- _ENTRIES PROVIDED_:

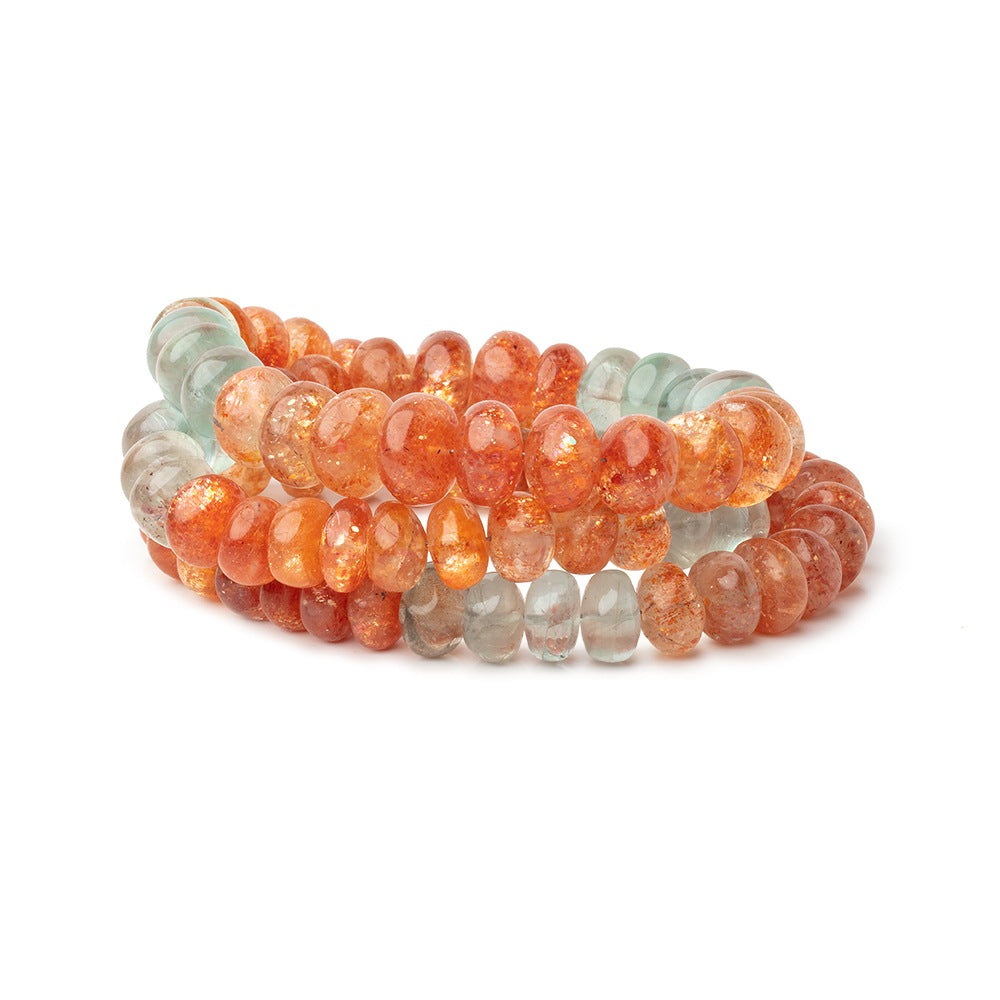 8-10mm Multi Color Madagascar Sunstone Plain Rondelle 18 inch 87 Beads AA - BeadsofCambay.com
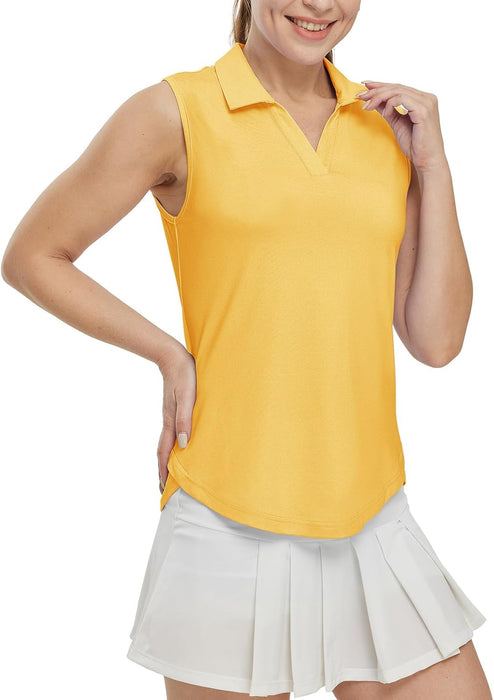 BGOWATU Women's Sleeveless Golf Polo Shirts Collared V Neck Tennis Tank Tops UPF 50+ Quick Dry Lightweight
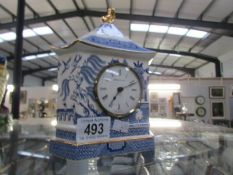 A Wedgwood willow pattern clock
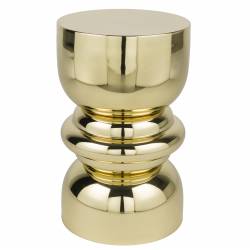 Table d'Appoint Kinga Woody Bout de Canapé en Acier Or Sellette Esprit Design Finition Brillante 29,5x29,5x48cm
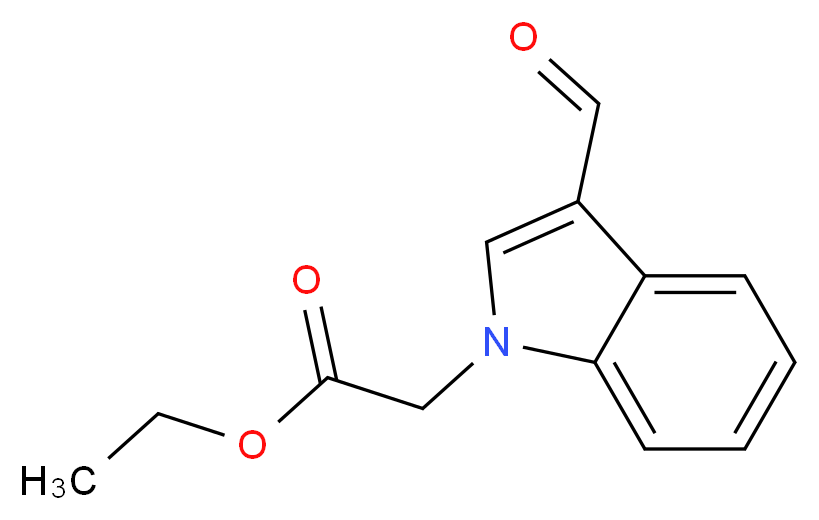 (3-Formyl-indol-1-yl)-acetic acid ethyl ester_分子结构_CAS_27065-94-7)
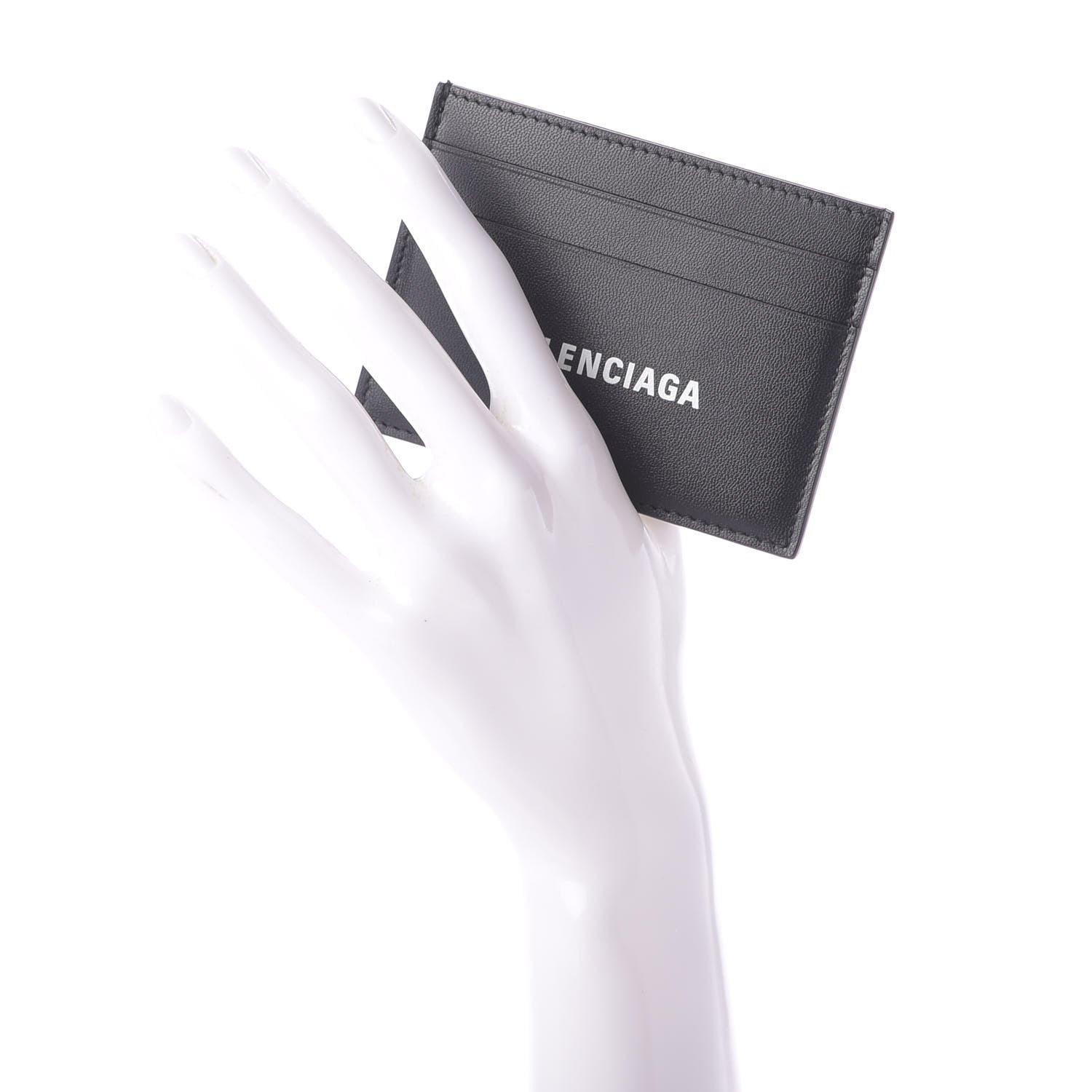 Balenciaga Flat Calfskin Logo Cash Card Holder Black White 2 of 8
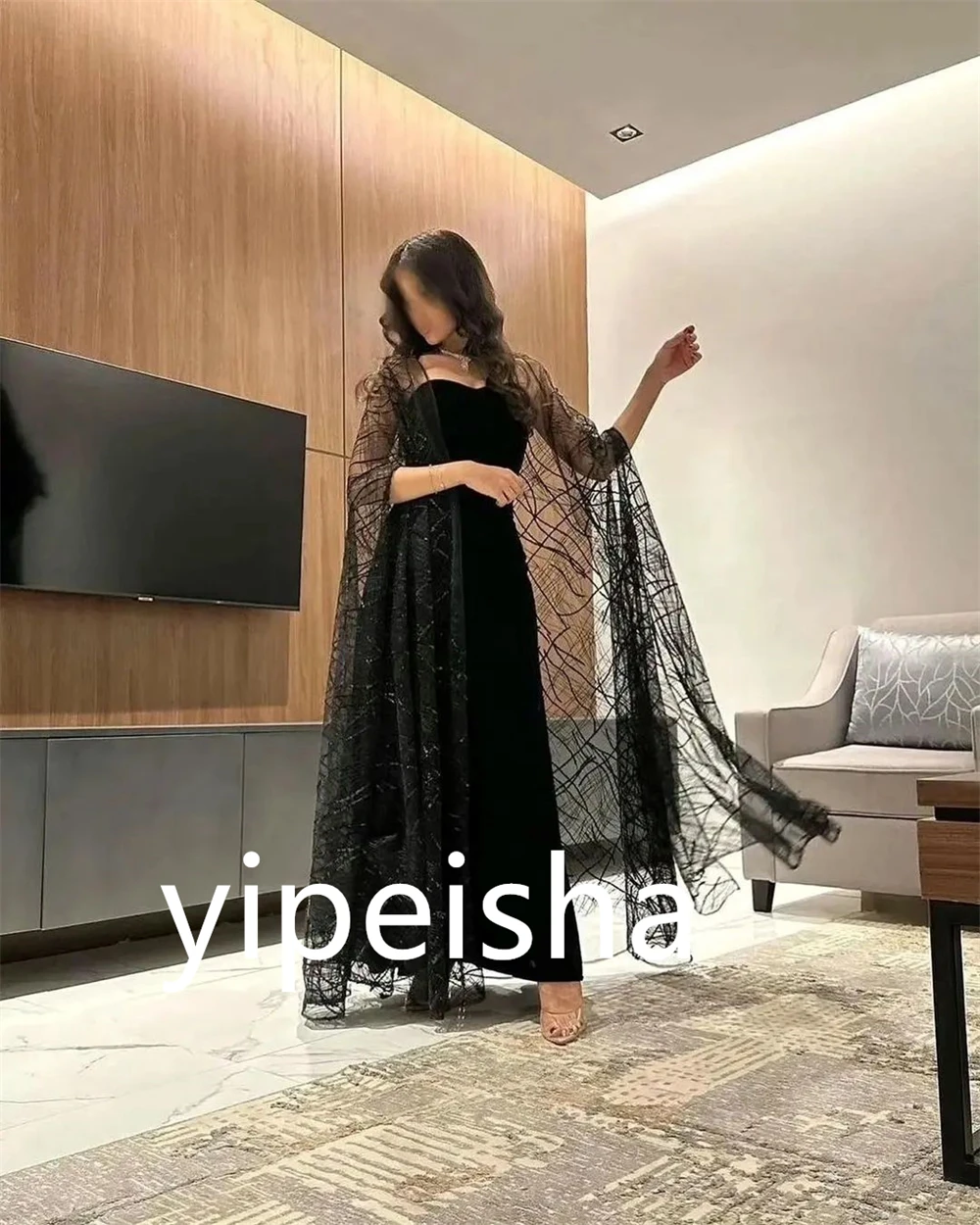 Customized Women Fashion Strapless Sheath Celebrity Dress  Tulle Anke length Skirts Charmeuse Evening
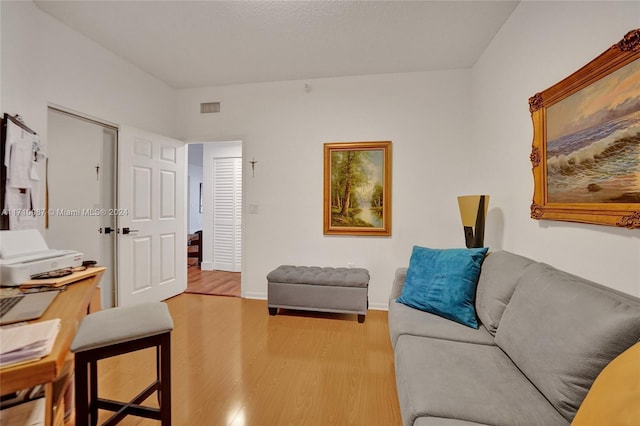 living room featuring light wood-type flooring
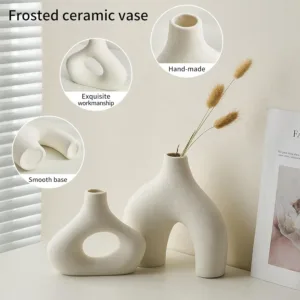 white ceramic donut vase 3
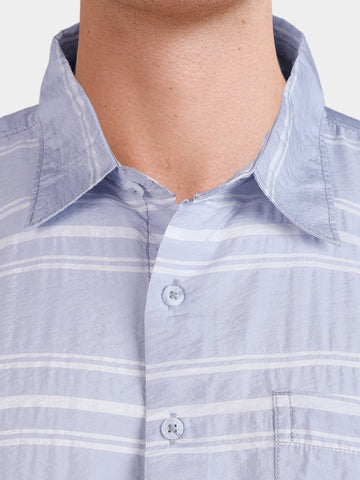 Men's Blue Boxy Fit Striped Resort Wear Shirt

- _EXERCISE INSTRUCTIONS_: All text in the material above must be written out exactly; the images are to be skipped.

- _TASK SOLUTION_:
 8-10mm Multi Color Madagascar Sunstone Plain Rondelle 18 inch 87 Beads AA - BeadsofCambay.com
 BGOWATU Women's Sleeveless Golf Polo Shirts Collared V Neck Tennis Tank Tops UPF 50+ Quick Dry Lightweight
 A Wedgwood willow pattern clock
 Table d'Appoint Kinga Woody Bout de Canapé en Acier Or Sellette Esprit Design Finition Brillante 29,5x29,5x48cm
 (3-Formyl-indol-1-yl)-acetic acid ethyl ester_分子结构_CAS_27065-94-7)
 Balenciaga Flat Calfskin Logo Cash Card Holder Black White 2 of 8
 Customized Women Fashion Strapless Sheath Celebrity Dress  Tulle Anke length Skirts Charmeuse Evening
 living room featuring light wood-type flooring
 white ceramic donut vase 3
 Men's Blue Boxy Fit Striped Resort Wear Shirt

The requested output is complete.